Con un boxeo de mucho movimiento Erislandy Lara complicó el panorama de Saúl Álvarez. Los jueces vieron lo contrario

Ciudad de México

Luego de 12 rounds de mucho boxeo y movimiento de piernas, el cubano Erislandy Lara no sólo hizo fallar al mexicano Saúl Álvarez si no que también logró hacerlo sentir frustración pero fue insuficiente para convencer a los jueces de Las Vegas, Nevada, (115-113 Lara, 115-113 y 117 111, Canelo), la noche del sábado en el MGM Grand.

Con 36 minutos de acción, el peleador isleño – poseedor de un boxeo estilizado – con golpes rectos rompió la guardia del mexicano pero no tiró los golpes necesarios para inclinar a su favor la balanza.

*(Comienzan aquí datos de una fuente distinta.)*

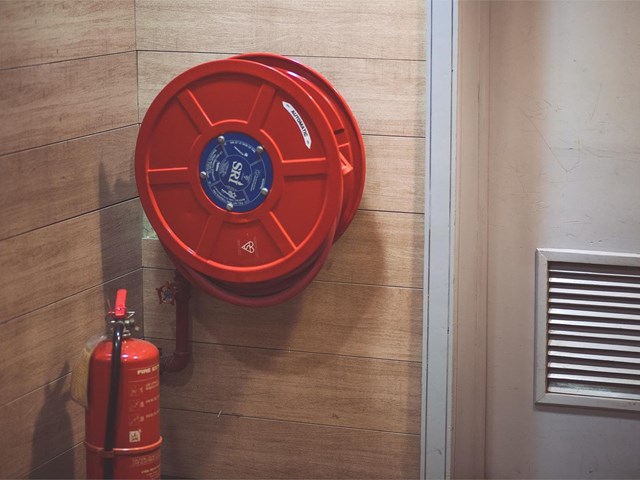 ¿Son obligatorios los elementos de protección pasiva contra incendios en una vivienda?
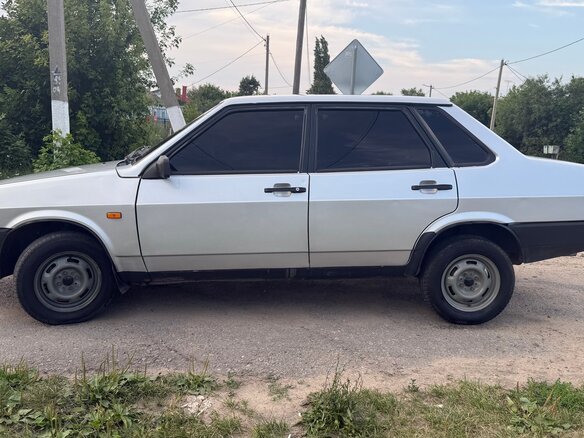 2002 Lada (ВАЗ) 21099, серебристый, 160000 рублей - вид 6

“Vine a pelear, no a correr. Si quiere maratón que Lara se vaya a correr. Yo quería pelear para la gente, dar una buena pelea. Pero él vino a correr y aquí se gana peleando. Tiene que enseñarse a tirar más golpes si quiere la revancha”, sentenció un molesto Canelo que terminó con una inflamación importante en el ojo derecho.

Canelo presentó problemas importantes para cerrarle las salidas al cubano y aunque tiró ganchos a las zonas blandas, no impidieron que se le escurriera entre las cuerdas.

Producto de un golpe a la ceja izquierda, Lara sufrió un corte en el séptimo round que gracias a un trabajo impecable de su esquina no le dio problemas en lo que resta del combate.

“Sigo pensando que gané la pelea. Lo hice lucir mal ante su gente, lo golpee, controlé la pelea. Con eso me quedo tranquilo”, sentenció Lara, quien sabía  a lo que se exponía al enfrentar a una figura.

Con este triunfo, Canelo mejoró su foja a 44 triunfos y no pudo alejar la sombra de la polémica de su carrera profesional. Lara sumó su segundo descalabro.

El peleador mexicano Abner Mares regresó con una victoria por decisión unánime (96-94, 98-92, 98-92) al boricua Jonathan Oquendo.

El mexicano que tenía 11 meses de inactividad sufrió para dominar al joven boricua, quien hizo la pelea densa con abrazos y golpes que no lastimaban a su contrincante.

“Fue una pelea difícil. Me dio batalla, no era un rival fácil para regresar. Abner Mares está de regreso, quiero mi título de vuelta. Y no fue penal”, declaró Mares tras sumar su victoria número 27.

Mares, quien tomó descanso luego de caer ante Jhonny González y cediera la corona pluma del Consejo Mundial de Boxeo hace un año, regresó con la firme intensión de retomar el camino, pero lo hizo de la manera más complicada. Incluso fue cortado por un cabezazo en el cuarto rollo.

“Sabía que sería un regreso complicado, pues Oquendo no es un rival fácil, pero lo importante fue que ganamos y vamos por más”, dijo el tapatío de 28 años.